BEGIN THE INPUT

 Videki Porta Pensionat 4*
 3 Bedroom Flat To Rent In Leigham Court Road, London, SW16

END THE INPUT
BEGIN THE INPUT

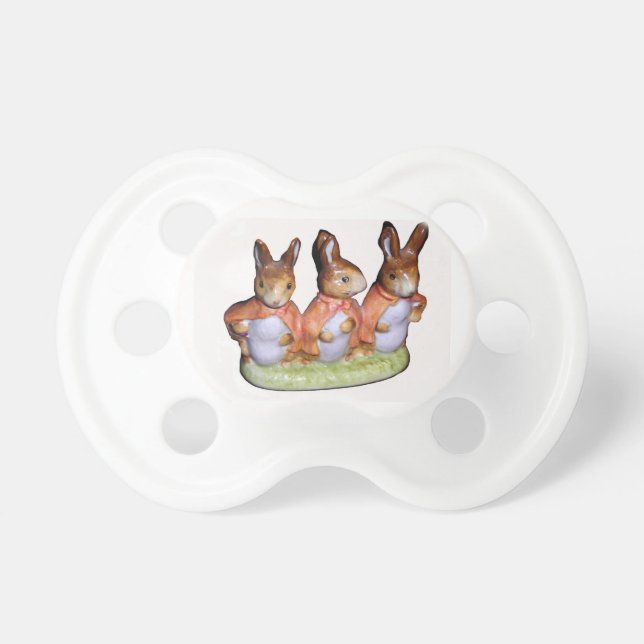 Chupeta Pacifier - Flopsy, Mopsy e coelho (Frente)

END THE INPUT

## WORK INSTRUCTION
In the entries above, one line contains "Videki Porta Pensionat 4*" and another contains "3 Bedroom Flat". Reproduce exactly those two lines and the lines between them, nothing else.

## ANSWER TO THE PROBLEM
 Videki Porta Pensionat 4*
 3 Bedroom Flat To Rent In Leigham Court Road, London, SW16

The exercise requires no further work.